R.L Brett’s last book deals with a subject he made very much his own, a closely interrelated series of studies illustrating the ebb and flow of religious belief. Of all of Brett’s books, this is the one that demonstrates most fully the range of his knowledge and the depth of his literary understanding. His Introduction offers a cogent critique of the methods and results of many all-too-fashionable critical theories that conspire to dismiss all consideration of the author and his milieu from literary discussion. The book is particularly valuable for its examination of the influence of Platonism and the metaphysics of Kant and Hegel on the broad-church followers of Coleridge. The pivotal chapter on Tennyson and Browning is a model of lucidity, and In Memoriam and The Idylls of the King are perceptively discussed. Eliot’s Four Quartets are well discussed here. Brett’s book raises many important issues in modern literature, and discusses them with a particularly wide range of reference.
The Tennyson Society
This book is rich in insight and, at times, revelatory. Brett’s prose style is a joy; learned but witty, precise, yet capable of a gravity which invites comparison with the great model for this sort of criticism, The Lives of the English Poets. Brett, like Johnson, is worth reading for his own sake and not just for the light he sheds on others. Those who read for enjoyment and instruction will find it illuminating.
Peter Hatton, in Epworth Review
The merits of the book lie chiefly in its tidy synthesis of familiar material for the benefit of the general or undergraduate reader, to gratify the student looking for a general overview of the field. Brett’s particular forte is tracing the influence of philosophers and theologians on poets and novelists.
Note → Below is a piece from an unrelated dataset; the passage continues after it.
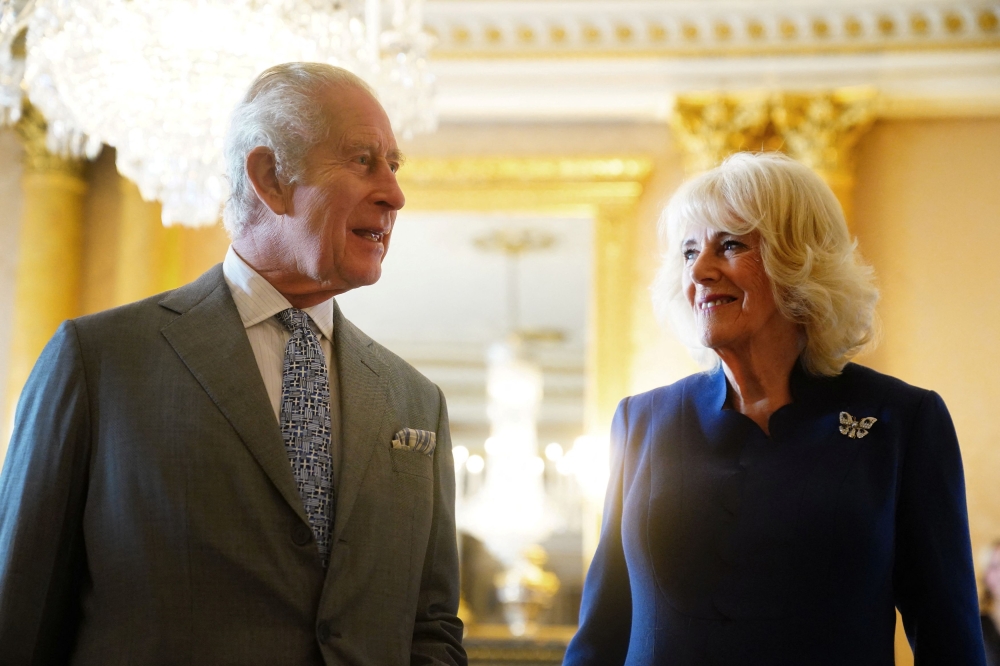 Britain's King Charles and Queen Camilla after being presented with the Coronation Roll, an official record of their Coronation, at Buckingham Palace, central London, Britain May 1, 2024. ― Victoria Jones/Pool via Reuters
Greg Crossan, Massey University, in Notes & Queries
Perhaps one of the most refreshing aspects is the willingness to run counter to many of the prevailing schools of critical theory. Brett draws the reader deeply into the life and times of each writer and enriches our understanding of their work, their lives and the contribution they made to contemporary thought. This was an enormously satisfying book to read: the breadth of learning is immense; the style is clear and lucid; the cross-referencing, not only between pairs of writers but across all the writers, created a rich tapestry of religious exploration and honest doubt.
Journal of Education and Christian Belief
Professor Brett is particularly illuminating in analysing ‘The Ancient Mariner’. The author is equally acute and simulating when he considers other pairs. This is a profound book which repays reading and re-reading.